ABOUT THIS TASK -
Which of the lines in the data mention the string "家纺一手货源"? List them all.

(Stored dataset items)
= = = = = = =

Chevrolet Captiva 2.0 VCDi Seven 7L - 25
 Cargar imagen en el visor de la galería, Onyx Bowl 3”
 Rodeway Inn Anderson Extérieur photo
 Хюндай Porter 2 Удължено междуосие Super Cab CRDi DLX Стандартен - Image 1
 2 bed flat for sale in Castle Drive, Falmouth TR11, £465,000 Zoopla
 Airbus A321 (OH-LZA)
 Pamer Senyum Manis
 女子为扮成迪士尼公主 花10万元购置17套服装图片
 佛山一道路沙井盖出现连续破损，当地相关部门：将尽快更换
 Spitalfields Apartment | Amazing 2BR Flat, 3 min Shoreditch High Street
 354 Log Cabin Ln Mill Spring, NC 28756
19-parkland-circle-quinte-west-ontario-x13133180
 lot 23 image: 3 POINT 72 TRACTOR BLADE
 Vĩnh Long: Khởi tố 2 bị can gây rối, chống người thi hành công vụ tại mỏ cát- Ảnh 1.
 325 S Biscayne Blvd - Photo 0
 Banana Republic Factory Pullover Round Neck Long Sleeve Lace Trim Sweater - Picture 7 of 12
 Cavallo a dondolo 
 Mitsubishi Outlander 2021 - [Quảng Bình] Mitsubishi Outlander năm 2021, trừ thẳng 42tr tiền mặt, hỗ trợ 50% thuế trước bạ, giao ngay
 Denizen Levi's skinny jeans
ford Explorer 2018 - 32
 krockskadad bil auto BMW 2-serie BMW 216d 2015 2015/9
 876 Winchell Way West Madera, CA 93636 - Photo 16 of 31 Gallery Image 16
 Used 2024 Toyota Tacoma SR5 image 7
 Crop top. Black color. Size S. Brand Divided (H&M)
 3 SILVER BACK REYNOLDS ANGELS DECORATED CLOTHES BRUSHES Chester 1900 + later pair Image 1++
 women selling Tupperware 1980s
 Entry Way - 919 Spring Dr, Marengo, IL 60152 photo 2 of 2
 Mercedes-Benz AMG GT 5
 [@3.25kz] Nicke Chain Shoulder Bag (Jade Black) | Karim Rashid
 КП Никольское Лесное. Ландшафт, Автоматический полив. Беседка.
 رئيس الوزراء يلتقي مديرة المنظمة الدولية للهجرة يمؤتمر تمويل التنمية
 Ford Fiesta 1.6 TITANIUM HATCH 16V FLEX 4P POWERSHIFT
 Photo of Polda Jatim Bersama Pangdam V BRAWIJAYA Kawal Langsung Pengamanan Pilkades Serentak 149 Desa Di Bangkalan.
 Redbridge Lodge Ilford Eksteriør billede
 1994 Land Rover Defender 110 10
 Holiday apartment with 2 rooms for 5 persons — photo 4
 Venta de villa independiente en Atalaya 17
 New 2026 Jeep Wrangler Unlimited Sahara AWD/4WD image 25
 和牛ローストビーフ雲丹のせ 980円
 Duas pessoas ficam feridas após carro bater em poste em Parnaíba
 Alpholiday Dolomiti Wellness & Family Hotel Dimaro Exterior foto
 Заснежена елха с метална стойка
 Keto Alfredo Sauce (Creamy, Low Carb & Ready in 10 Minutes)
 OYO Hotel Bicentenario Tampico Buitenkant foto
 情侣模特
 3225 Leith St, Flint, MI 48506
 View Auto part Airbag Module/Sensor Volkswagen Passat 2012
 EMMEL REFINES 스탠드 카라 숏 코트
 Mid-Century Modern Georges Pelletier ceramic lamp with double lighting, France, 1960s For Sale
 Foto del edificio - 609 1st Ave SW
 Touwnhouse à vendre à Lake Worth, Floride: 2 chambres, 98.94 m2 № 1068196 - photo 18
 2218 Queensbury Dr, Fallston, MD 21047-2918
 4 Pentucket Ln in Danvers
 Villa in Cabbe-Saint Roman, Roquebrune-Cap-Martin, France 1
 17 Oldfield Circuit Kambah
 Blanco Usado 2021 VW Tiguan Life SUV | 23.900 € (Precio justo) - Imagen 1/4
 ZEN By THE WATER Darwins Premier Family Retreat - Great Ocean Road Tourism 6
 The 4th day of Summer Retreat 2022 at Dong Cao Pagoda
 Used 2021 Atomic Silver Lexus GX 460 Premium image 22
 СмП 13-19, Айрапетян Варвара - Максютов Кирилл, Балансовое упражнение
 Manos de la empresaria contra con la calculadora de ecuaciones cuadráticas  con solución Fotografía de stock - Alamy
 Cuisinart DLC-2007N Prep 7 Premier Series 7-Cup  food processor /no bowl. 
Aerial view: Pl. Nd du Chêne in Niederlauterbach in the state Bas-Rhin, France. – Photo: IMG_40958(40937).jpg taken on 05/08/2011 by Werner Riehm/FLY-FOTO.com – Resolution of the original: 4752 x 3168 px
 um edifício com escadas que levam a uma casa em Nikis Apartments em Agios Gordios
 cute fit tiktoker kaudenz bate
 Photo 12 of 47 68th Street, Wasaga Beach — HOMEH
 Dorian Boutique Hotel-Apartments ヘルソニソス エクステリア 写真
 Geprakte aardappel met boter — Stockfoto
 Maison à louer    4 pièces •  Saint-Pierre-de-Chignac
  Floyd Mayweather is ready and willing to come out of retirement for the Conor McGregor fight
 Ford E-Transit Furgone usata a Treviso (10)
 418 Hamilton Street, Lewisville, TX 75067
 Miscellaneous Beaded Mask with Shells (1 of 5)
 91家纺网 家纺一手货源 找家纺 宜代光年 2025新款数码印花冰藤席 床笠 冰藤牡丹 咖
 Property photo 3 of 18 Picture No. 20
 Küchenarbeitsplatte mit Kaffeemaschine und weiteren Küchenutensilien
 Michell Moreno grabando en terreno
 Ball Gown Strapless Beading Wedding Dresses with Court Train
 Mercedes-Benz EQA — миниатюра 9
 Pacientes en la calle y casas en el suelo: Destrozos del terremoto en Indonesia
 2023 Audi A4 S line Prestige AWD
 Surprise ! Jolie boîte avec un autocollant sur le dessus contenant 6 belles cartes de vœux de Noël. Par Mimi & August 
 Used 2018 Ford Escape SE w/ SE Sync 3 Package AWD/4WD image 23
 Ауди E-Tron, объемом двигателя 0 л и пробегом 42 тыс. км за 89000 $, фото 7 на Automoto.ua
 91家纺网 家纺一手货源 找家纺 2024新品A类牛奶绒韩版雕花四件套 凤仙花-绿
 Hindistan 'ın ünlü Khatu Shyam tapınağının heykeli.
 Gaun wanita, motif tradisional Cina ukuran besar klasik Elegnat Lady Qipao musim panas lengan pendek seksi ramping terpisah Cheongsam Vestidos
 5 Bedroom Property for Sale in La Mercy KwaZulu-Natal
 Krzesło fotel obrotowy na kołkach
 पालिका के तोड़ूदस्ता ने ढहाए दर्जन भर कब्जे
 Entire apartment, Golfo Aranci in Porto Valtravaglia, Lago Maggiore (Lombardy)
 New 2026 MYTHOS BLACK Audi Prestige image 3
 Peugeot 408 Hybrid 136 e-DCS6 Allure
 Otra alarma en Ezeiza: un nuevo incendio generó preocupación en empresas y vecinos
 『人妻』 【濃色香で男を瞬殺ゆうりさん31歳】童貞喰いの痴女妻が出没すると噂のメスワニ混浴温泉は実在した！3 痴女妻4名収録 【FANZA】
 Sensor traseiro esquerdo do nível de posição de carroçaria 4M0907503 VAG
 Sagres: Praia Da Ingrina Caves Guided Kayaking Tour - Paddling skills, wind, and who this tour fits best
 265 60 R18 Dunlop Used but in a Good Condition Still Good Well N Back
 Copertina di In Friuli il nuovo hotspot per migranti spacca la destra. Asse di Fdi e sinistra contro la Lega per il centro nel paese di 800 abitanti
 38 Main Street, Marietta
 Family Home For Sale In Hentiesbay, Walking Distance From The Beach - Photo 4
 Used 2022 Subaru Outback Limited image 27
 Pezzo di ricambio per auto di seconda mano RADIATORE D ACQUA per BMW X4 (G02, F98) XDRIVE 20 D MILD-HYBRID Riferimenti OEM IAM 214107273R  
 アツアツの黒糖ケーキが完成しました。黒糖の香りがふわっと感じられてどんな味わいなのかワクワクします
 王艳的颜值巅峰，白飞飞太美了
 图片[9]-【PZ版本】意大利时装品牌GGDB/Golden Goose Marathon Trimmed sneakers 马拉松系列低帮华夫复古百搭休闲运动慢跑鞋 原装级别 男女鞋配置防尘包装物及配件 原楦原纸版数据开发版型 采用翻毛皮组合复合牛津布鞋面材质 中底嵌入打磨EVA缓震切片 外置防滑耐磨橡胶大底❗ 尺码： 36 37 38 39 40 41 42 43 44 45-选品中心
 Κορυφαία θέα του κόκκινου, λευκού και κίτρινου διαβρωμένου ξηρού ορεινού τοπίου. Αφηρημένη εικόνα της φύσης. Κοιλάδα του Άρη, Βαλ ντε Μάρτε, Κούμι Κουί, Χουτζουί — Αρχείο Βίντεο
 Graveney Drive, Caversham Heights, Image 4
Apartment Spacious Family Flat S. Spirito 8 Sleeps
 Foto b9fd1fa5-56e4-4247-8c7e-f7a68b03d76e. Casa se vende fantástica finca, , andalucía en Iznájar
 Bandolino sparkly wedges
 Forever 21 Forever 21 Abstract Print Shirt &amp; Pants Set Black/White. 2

= = = = = = =

RESULT OF THE EXERCISE -
 91家纺网 家纺一手货源 找家纺 宜代光年 2025新款数码印花冰藤席 床笠 冰藤牡丹 咖
 91家纺网 家纺一手货源 找家纺 2024新品A类牛奶绒韩版雕花四件套 凤仙花-绿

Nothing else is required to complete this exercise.